# Fingers in a cell.



## toadiesop (Apr 25, 2007)

With these. It works GREAT!!!!

http://www.fit-to-print.co.uk/images/editing_bulldog_clips.jpg


----------



## Fever (Apr 25, 2007)

Are they stainless steel? Where did you get them?

Thanks...

Fever


----------



## toadiesop (Apr 25, 2007)

Yup they're stainless. I got them at Staples ($3.49 for 3 of them) but I'm sure you can find them just about anywhere that sells office supplies (wal-mart perhaps).


EDITED.....

...to say that the proper term for these are "Bulldog clips" and _most_ of them are nickel-plated steel.

I did a google search for "stainless bulldog clips" and found a bunch of places that sell them.

here's one site (it says 12.80/ea. but that is for a box of 36)
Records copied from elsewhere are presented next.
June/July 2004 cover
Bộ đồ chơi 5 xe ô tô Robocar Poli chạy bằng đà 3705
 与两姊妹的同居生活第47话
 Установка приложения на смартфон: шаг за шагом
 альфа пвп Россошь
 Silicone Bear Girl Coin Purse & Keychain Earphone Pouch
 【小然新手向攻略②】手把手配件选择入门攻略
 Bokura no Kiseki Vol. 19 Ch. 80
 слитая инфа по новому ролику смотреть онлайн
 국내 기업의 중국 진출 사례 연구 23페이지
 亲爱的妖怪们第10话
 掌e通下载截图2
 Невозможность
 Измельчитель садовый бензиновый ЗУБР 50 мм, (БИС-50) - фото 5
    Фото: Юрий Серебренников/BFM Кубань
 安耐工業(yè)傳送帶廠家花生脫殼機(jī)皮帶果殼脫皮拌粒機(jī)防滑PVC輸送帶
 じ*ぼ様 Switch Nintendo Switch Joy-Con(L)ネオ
http://www.teacherstorehouse.com/pr...1102&order_key=&goto=product_search.asp?term=

hope that helps.


----------



## lazersteve (Apr 25, 2007)

Toadie these are a great idea. You could shorten the time required to deplate longer fingers by joining several using a jumper wire so they would cover the entire finger length in one pass.


----------



## toadiesop (Apr 25, 2007)

Thanks Steve! I was pretty proud of myself with that idea. :lol:

I thought about joining them as well, but I know I've seen them in 6-8 inch lengths a few years back. Maybe some more "googling" will turn up something.


----------



## PRECIOUS METALS (Apr 27, 2007)

hey steve what do you think is the best solution for gold filled would you recomend the cell,or using aqua regia


----------